L’ensemble constitué par les quatorze psaumes des montées s’organise selon une structure simple et ample. Elle dessine l’image d’un arbre, ou d’un chandelier, ou encore d’un groupe de corps levant sept paires de bras. Autour d’un axe de symétrie, les poèmes s’y répondent deux à deux, par des convergences thématiques, des parallèles ou des antithèses, par le retour d’éléments métaphoriques.
L’axe de symétrie se trouve au n° 127, cime de l’arbre ou du chandelier. Autour de lui s’ouvrent les pages du livre comme un éventail, le ps 128 faisant écho au 126, le 129 au 125, et ainsi de suite. L’horizontale la plus large, éventail totalement déployé, fait passer du monde déchiré criant vers la paix (ps 120) aux veilleurs de YHWH réunis dans la paix de Sion (ps 134). Au moment où l’éventail se referme sur le ps 127, sont mis en regard, dans des métaphores pareillement agricoles, les moissonneurs en liesse du retour d’exil (ps 126) avec le juste en paix dans la fécondité de sa maison, dont la femme est une vigne et les fils des oliviers (ps 128).
Compte tenu de sa position de pivot, il n’y a donc pas à hésiter : c’est à ce ps 127 que le livre nous invite à nous intéresser maintenant.
1 Chant des degrés de Salomon. Si YHWH ne bâtit la maison, en vain peinent ses bâtisseurs ; si YHWH ne garde la ville, en vain veille le gardien.
2 En vain avancez-vous votre lever, retardez-vous votre repos, mangez-vous le pain des idoles. Oui, Il donne à son bien-aimé le sommeil.
3 Voici, l’héritage de YHWH sont les fils, la récompense, le fruit du ventre.
4 Comme des flèches dans la main du preux, tels sont les fils de la jeunesse.
5 Heureux l’homme fort qui en a empli son carquois. Ils n’auront pas honte quand ils parleront avec les ennemis à la porte.
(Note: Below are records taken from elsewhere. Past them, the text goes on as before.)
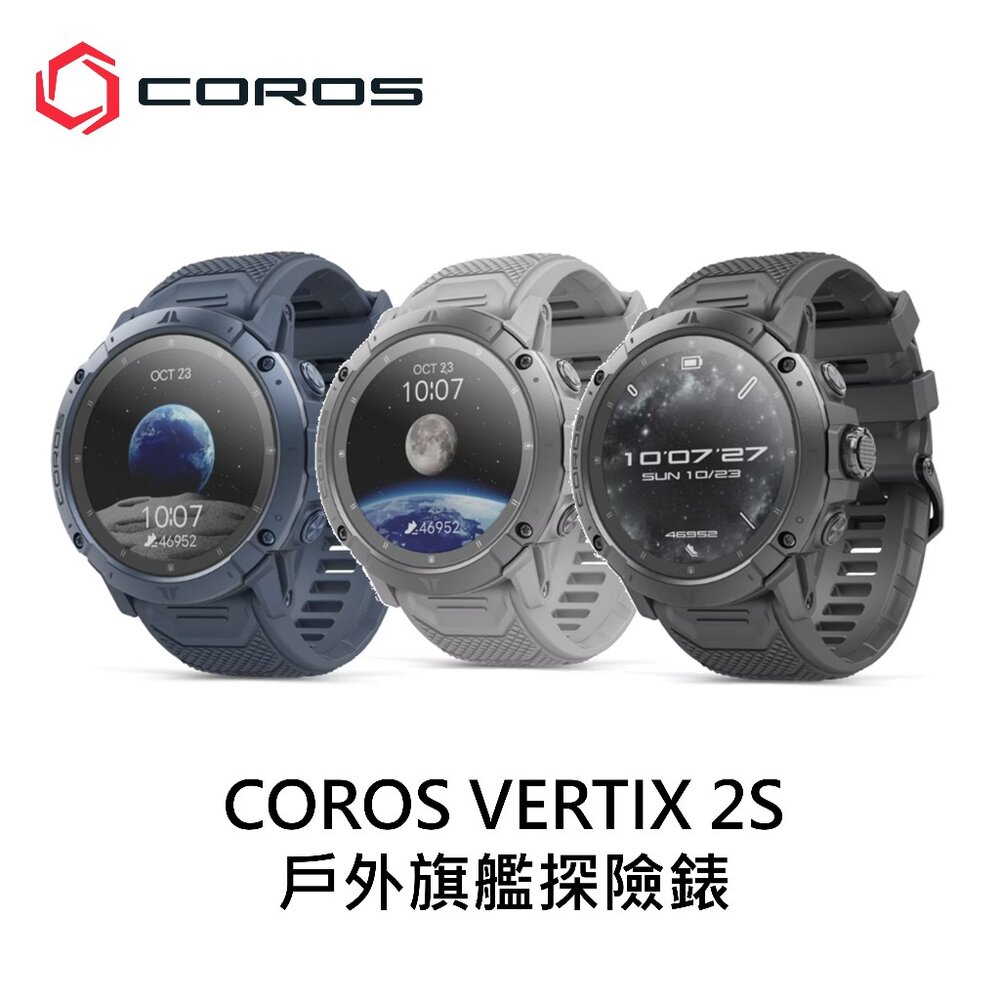 43105576416-COROS VERTIX 2S 戶外旗艦探險錶 運動智慧手錶 原廠公司貨 / 保固兩年 運動騎車跑步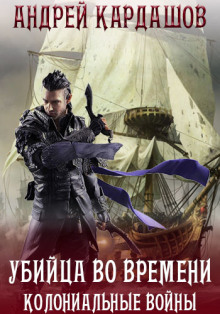 Аудиокнига Убийца во времени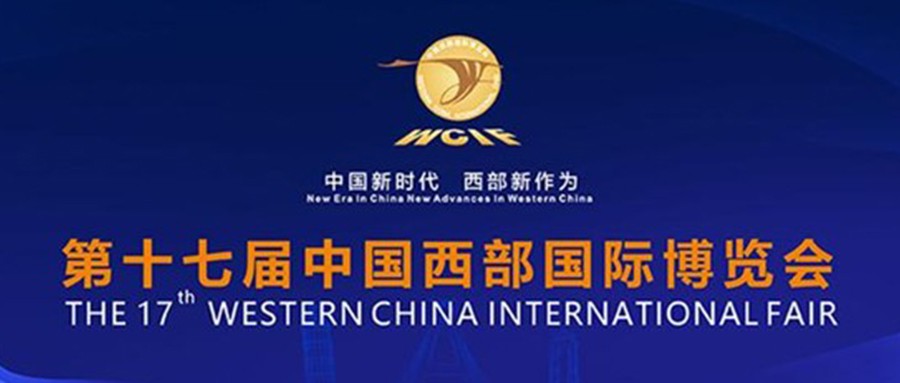 ��ʮ�߽��й��������ʲ����ῪĻ  �ƶ����ſƼ�Я����������Ʒ����ʢ��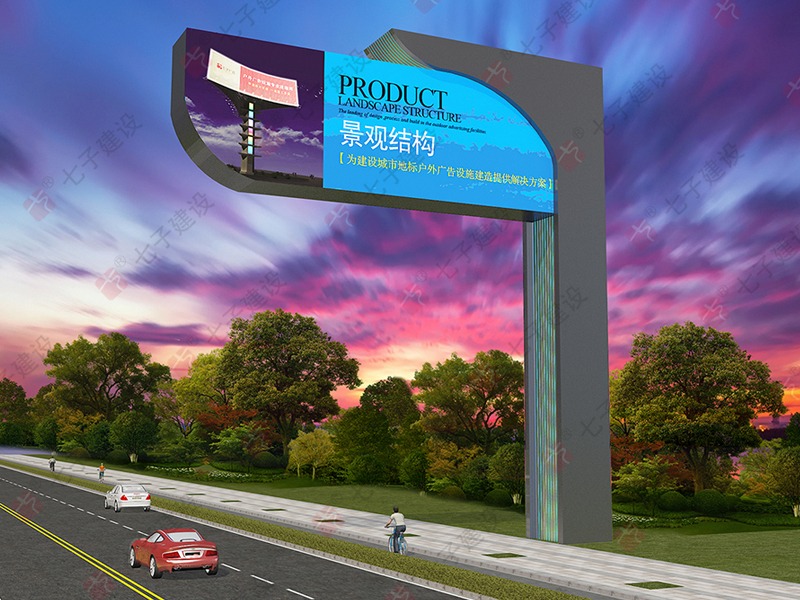 雙面景觀廣告牌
La mention de Salomon dans l’incipit peut éclairer quel type d’héritage constituent les fils du v.3. L’histoire commence par le coup de foudre de David pour Bethsabée. Bethsabée est mariée à Uri le Hittite, allié du royaume. David, dans son cynisme d’homme de pouvoir, n’hésite pas longtemps : il fait en sorte que le mari gênant soit tué à la guerre, puis épouse Bethsabée (en plus de ses autres femmes). Avec la bénédiction de YHWH en prime, il n’en doute pas : la preuve ils ont un fils.
C’est alors (2° livre de Samuel chap 12) qu’entre en scène le prophète Nathan. « David, je vais te raconter l’histoire d’un mec, un grand, riche, il a un énorme cheptel de brebis. Un jour il voit une autre brebis et la veut en plus des autres. Or elle appartient à un pauvre homme qui pour sa part n’a qu’elle. Mais le riche fait quand même tuer le pauvre pour lui prendre la brebis. »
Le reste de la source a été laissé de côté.